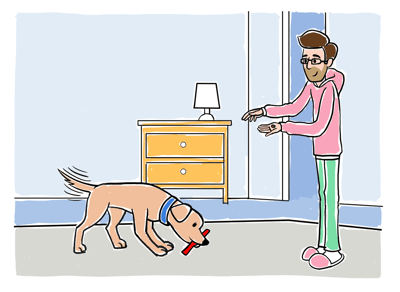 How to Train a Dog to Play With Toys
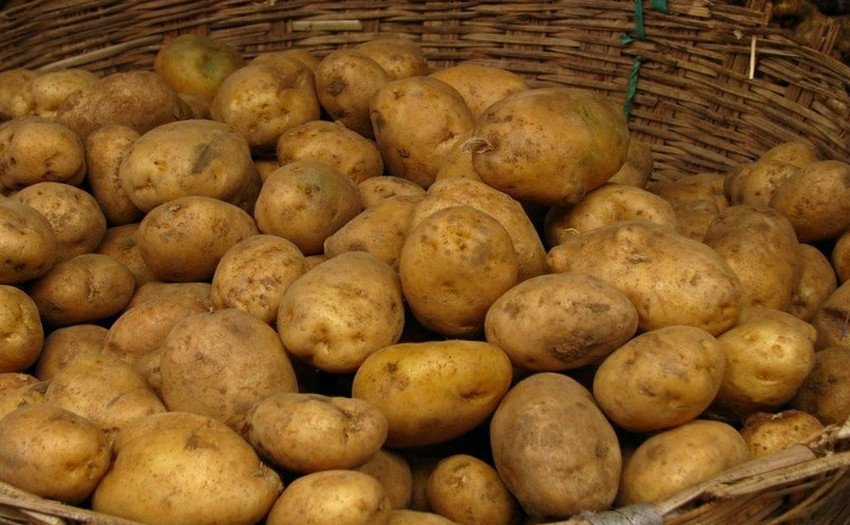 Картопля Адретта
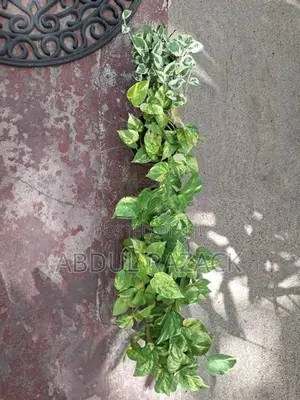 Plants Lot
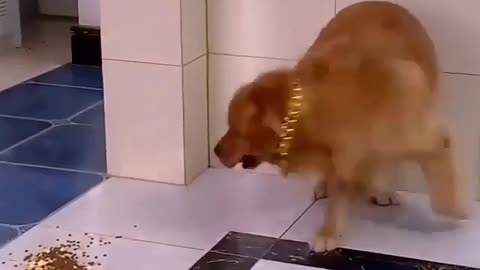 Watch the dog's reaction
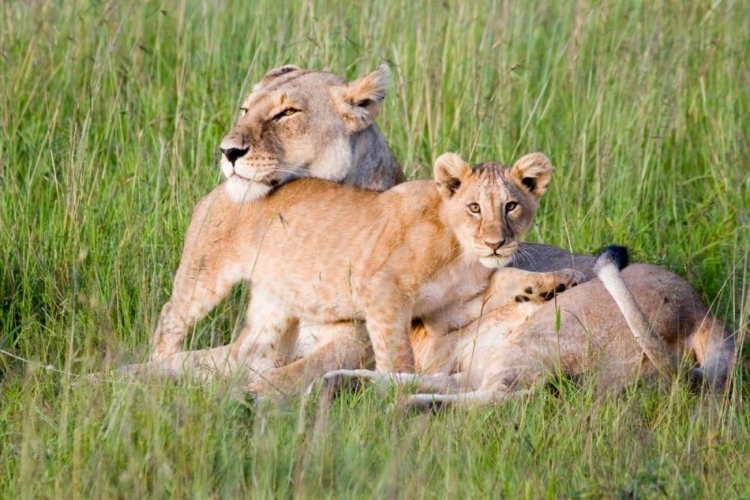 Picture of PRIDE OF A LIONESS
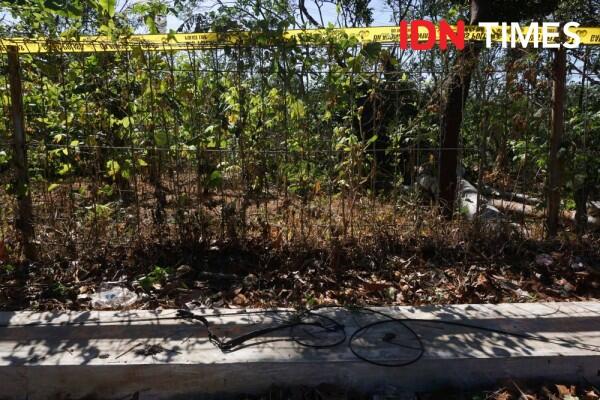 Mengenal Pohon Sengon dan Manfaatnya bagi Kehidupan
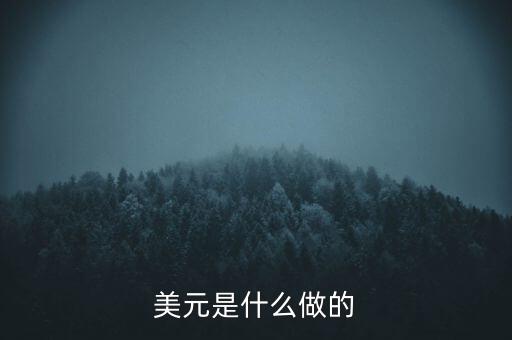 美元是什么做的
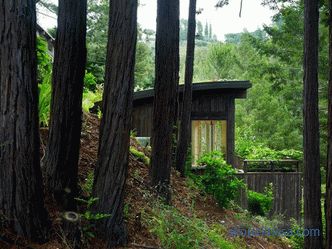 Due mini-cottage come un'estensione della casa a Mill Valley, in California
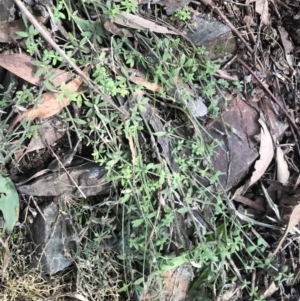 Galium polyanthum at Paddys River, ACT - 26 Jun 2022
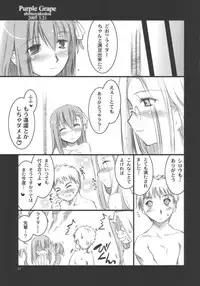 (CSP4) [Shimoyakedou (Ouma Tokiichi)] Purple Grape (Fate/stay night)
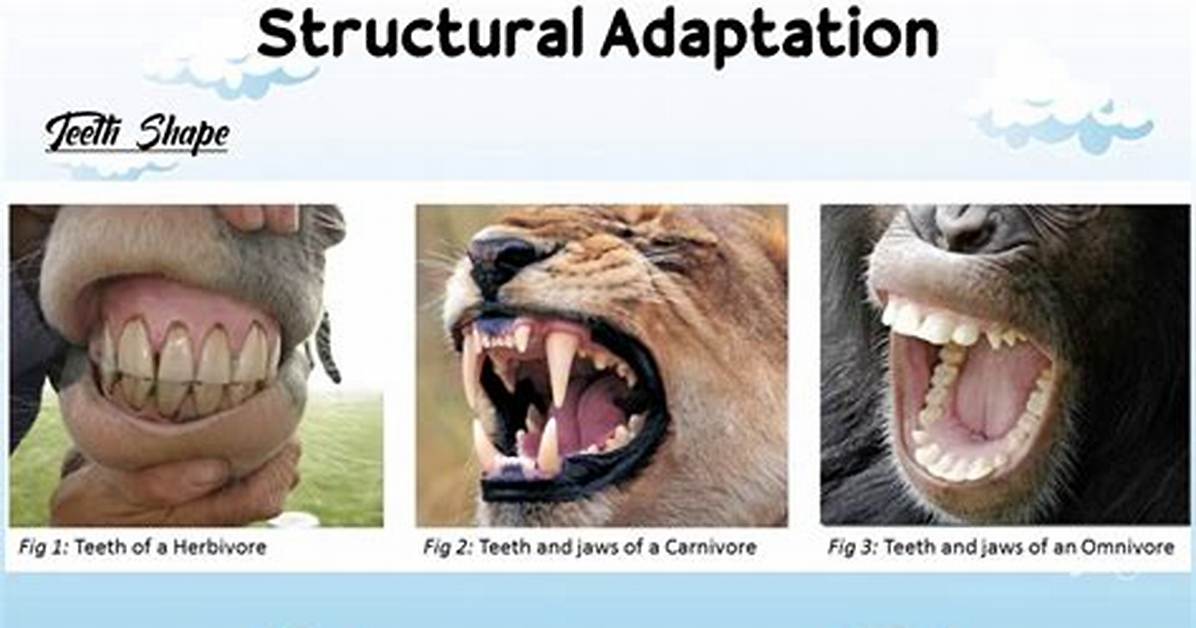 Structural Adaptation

--

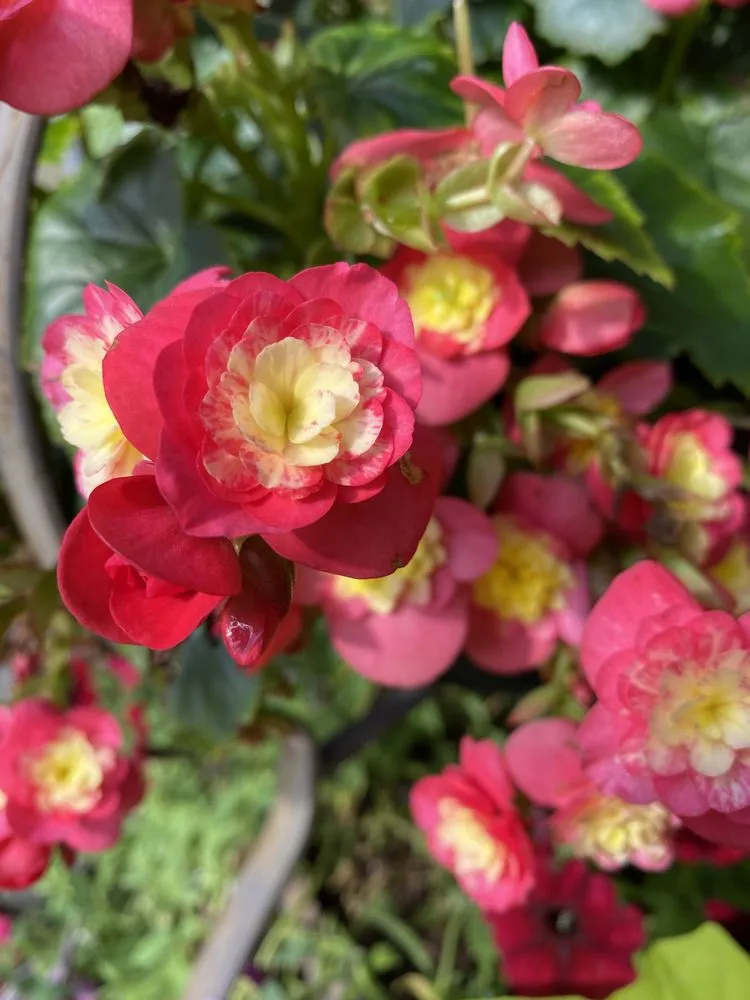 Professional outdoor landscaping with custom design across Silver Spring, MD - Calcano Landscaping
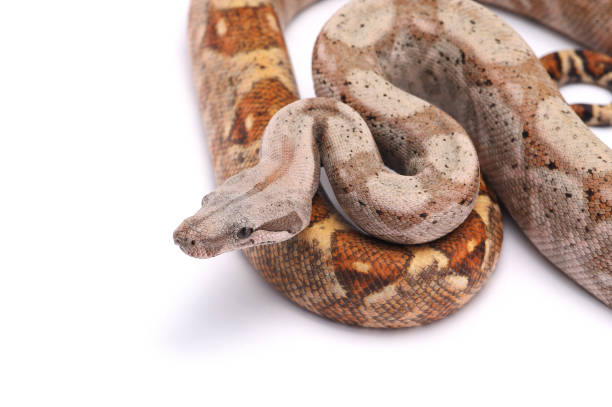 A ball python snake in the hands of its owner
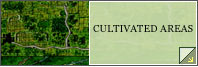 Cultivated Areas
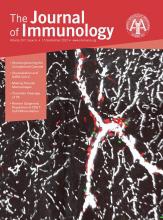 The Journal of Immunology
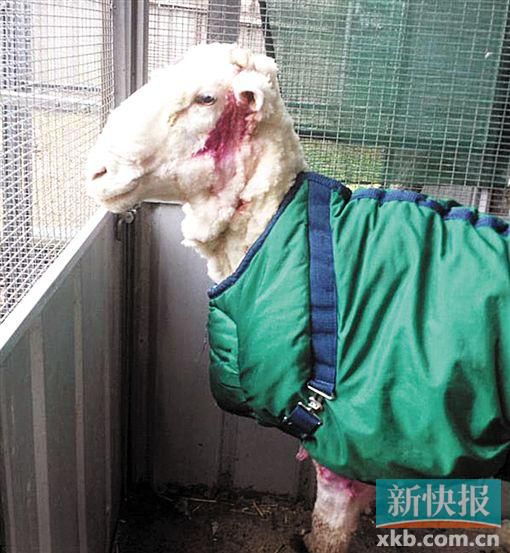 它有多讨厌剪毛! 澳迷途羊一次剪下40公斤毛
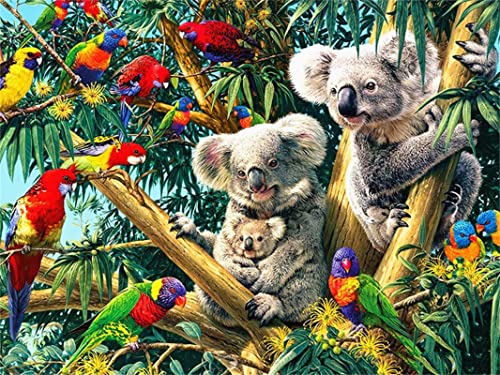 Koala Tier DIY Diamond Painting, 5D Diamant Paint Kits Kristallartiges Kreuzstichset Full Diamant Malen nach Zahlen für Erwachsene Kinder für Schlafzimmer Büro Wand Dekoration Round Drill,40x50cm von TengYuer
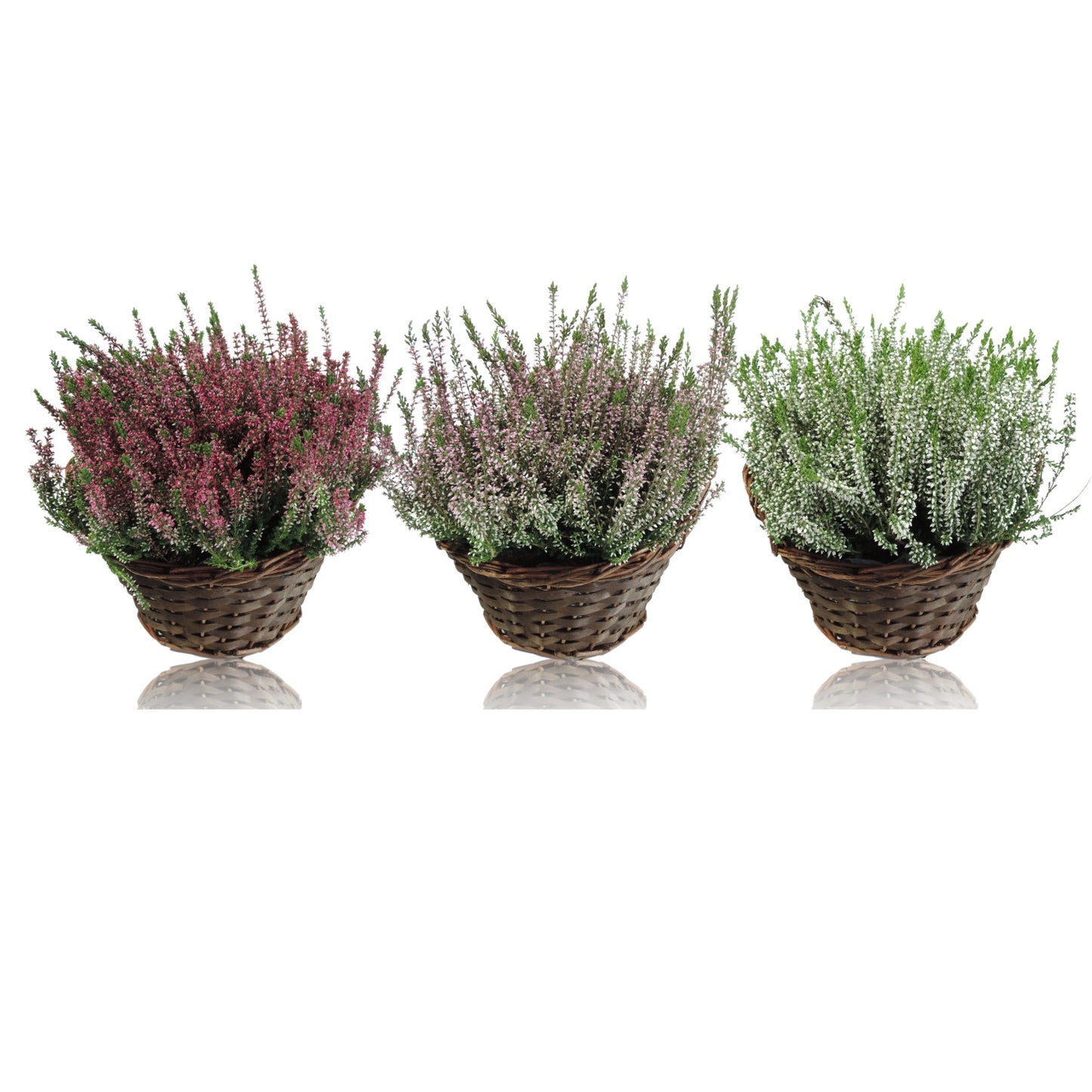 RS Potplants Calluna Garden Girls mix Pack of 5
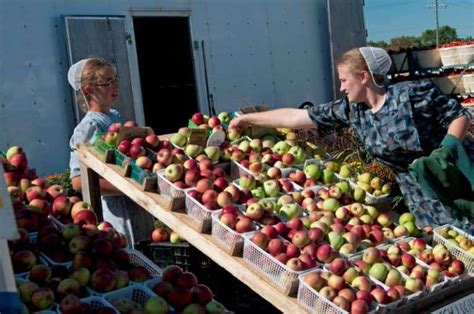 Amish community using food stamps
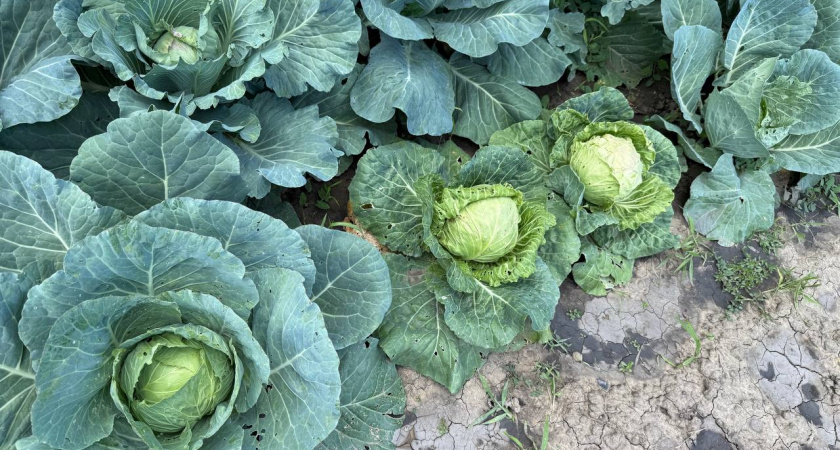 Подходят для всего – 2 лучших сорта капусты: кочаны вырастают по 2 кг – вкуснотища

#### Problem description
From the line with "How to Train a Dog to Play With Toys" up to and including the line with "Structural Adaptation" above, retype every line exactly and nothing more; leave out the pictures.

#### The answer
 How to Train a Dog to Play With Toys
 Картопля Адретта
 Plants Lot
 Watch the dog's reaction
 Picture of PRIDE OF A LIONESS
 Mengenal Pohon Sengon dan Manfaatnya bagi Kehidupan
 美元是什么做的
 Due mini-cottage come un'estensione della casa a Mill Valley, in California
 Galium polyanthum at Paddys River, ACT - 26 Jun 2022
 (CSP4) [Shimoyakedou (Ouma Tokiichi)] Purple Grape (Fate/stay night)
 Structural Adaptation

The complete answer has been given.